SNAP and the Center for Constitutional Rights renewed the long-ignored call for a federal probe in a letter to Deputy Attorney General Rod Rosenstein dated August 15, one day after the release of the state grand-jury report alleging a long-term coverup of credible abuse allegations in Pennsylvania. The letter calls for criminal or civil charges, “where appropriate,” against the Catholic hierarchy.
The passage of fifteen years makes such an investigation much more difficult for federal prosecutors because the statute of limitations on federal crimes is generally five years. But the letter hints at how federal authorities might overcome limitations that stymied local prosecutors in many states. It points to evidence that the coverup of abuse has continued even after the reforms the U.S. Catholic bishops put in place in 2002, including a Philadelphia grand-jury report from 2011 that asserted thirty-seven credibly accused priests remained in ministry. It charged that “procedures implemented by the Archdiocese to help victims are in fact designed to help the abusers, and the Archdiocese itself.” Still, that’s seven years ago—it would have been much easier for the U.S. attorney’s office in Philadelphia, which is leading the new probe, to investigate back then.
In their letter, lawyers from the Center for Constitutional Rights suggested investigating for violations of international human rights treaties the United States has accepted, “for which there is no statute of limitations.” Another route around statutes of limitations, politically bold but legally possible, was the letter’s suggestion to investigate for a violation of the Racketeer Influenced and Corrupt Organizations Act, or RICO. This 1970 law was created by Congress to prosecute elusive organized crime bosses who often beat cases in state courts. It has been applied in many other kinds of cases since then.
The RICO statute allows prosecutors to charge a “pattern” of criminal activity stretching back decades. Two “predicate acts”—offenses drawn from a list of thirty-five federal and state crimes—are the starting point for proving a criminal “pattern,” but just one “act” must be within the past five years. For a conviction on a charge of conspiracy to violate the RICO law, it’s not necessary to establish that even one “predicate act” occurred within the past five years.
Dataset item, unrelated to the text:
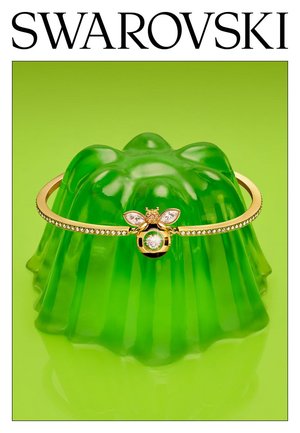 Gouden Swarovski-armband met een bij-vormige bedel met heldere kristallen, tentoongesteld op een groen gelatinevorm tegen een groene achtergrond.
The five-year statute of limitations begins to run “only when the purposes of the conspiracy have either been accomplished or abandoned.”
That’s the language the federal-appeals court in New York used when upholding the conviction of one of the mob bosses accused in the 1986 trial of the Mafia’s ruling “commission,” a case that illustrated how powerful the RICO law can be in going after bosses whose underlings do the dirty work. The RICO law allowed prosecutors to tell the jury about a pattern of criminal activity dating back to 1931.